*RECORDS FOR THIS EXERCISE:*
____
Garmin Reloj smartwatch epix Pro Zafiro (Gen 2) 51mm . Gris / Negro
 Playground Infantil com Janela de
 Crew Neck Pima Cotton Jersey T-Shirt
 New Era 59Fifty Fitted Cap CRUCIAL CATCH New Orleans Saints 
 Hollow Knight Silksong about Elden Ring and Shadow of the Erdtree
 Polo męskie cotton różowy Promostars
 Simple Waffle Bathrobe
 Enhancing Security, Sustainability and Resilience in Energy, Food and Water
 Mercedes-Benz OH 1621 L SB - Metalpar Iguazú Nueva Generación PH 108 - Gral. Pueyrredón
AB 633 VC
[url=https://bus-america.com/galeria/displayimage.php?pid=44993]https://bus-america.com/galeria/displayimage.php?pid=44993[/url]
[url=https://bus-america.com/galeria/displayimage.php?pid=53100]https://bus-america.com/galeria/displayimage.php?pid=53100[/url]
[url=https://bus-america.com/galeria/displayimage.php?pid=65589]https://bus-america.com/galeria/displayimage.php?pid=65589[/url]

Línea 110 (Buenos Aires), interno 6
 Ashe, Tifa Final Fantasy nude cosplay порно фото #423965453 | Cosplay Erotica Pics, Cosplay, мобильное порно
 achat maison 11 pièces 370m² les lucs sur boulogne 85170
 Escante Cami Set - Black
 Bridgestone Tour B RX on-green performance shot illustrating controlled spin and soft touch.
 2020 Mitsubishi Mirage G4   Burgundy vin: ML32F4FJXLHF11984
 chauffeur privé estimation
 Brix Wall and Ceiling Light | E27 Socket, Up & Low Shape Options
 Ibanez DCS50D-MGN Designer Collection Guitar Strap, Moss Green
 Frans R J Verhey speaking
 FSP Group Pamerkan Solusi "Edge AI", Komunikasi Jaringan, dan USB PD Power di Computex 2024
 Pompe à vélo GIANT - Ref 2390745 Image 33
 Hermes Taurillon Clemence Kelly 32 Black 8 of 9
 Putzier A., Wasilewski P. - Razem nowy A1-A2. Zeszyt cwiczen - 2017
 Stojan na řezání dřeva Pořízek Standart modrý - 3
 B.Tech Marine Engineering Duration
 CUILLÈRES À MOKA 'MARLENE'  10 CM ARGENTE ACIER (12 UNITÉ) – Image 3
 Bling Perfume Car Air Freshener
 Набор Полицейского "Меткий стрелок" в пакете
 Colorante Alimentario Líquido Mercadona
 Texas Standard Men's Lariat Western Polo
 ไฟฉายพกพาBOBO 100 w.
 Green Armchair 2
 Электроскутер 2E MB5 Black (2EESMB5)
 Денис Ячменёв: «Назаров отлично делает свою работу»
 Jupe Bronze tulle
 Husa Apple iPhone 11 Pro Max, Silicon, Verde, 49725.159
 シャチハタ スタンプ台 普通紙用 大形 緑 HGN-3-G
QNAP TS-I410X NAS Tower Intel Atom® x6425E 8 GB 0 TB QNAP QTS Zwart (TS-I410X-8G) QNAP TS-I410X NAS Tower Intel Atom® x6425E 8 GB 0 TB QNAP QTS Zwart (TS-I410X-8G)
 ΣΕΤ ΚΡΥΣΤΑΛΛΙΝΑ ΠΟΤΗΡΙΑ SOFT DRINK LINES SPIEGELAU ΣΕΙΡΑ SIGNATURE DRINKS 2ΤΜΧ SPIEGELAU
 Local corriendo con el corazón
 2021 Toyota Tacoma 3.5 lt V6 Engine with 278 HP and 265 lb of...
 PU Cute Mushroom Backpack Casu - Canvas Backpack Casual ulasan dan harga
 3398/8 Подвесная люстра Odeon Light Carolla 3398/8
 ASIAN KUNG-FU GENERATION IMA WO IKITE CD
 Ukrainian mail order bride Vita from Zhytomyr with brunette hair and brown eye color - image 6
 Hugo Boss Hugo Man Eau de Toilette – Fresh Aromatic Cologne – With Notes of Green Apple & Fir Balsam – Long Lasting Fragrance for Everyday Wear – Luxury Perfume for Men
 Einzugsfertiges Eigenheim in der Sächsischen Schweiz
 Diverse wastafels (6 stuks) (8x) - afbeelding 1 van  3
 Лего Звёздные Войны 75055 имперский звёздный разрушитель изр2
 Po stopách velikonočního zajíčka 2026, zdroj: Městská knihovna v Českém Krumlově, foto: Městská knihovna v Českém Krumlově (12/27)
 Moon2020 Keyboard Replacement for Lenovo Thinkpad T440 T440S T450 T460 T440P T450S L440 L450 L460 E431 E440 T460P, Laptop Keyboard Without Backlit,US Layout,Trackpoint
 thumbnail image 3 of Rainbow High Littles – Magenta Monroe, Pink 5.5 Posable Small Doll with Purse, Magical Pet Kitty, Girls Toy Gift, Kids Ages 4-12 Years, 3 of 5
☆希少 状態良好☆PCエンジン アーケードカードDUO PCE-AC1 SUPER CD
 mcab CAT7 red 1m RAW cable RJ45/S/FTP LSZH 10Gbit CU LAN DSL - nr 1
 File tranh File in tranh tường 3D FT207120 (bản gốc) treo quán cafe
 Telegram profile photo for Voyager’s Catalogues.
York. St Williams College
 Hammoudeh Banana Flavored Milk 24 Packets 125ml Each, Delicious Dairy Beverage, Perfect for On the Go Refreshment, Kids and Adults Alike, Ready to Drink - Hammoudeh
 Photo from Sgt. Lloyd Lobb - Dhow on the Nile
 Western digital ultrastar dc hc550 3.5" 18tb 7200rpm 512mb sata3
____
*WORK INSTRUCTION:*
Give again exactly, and only, the lines above starting at the one with "Brix Wall and" and ending at the one with "Bling Perfume Car Air Freshener".

*SOLUTION TO THE PROBLEM:*
 Brix Wall and Ceiling Light | E27 Socket, Up & Low Shape Options
 Ibanez DCS50D-MGN Designer Collection Guitar Strap, Moss Green
 Frans R J Verhey speaking
 FSP Group Pamerkan Solusi "Edge AI", Komunikasi Jaringan, dan USB PD Power di Computex 2024
 Pompe à vélo GIANT - Ref 2390745 Image 33
 Hermes Taurillon Clemence Kelly 32 Black 8 of 9
 Putzier A., Wasilewski P. - Razem nowy A1-A2. Zeszyt cwiczen - 2017
 Stojan na řezání dřeva Pořízek Standart modrý - 3
 B.Tech Marine Engineering Duration
 CUILLÈRES À MOKA 'MARLENE'  10 CM ARGENTE ACIER (12 UNITÉ) – Image 3
 Bling Perfume Car Air Freshener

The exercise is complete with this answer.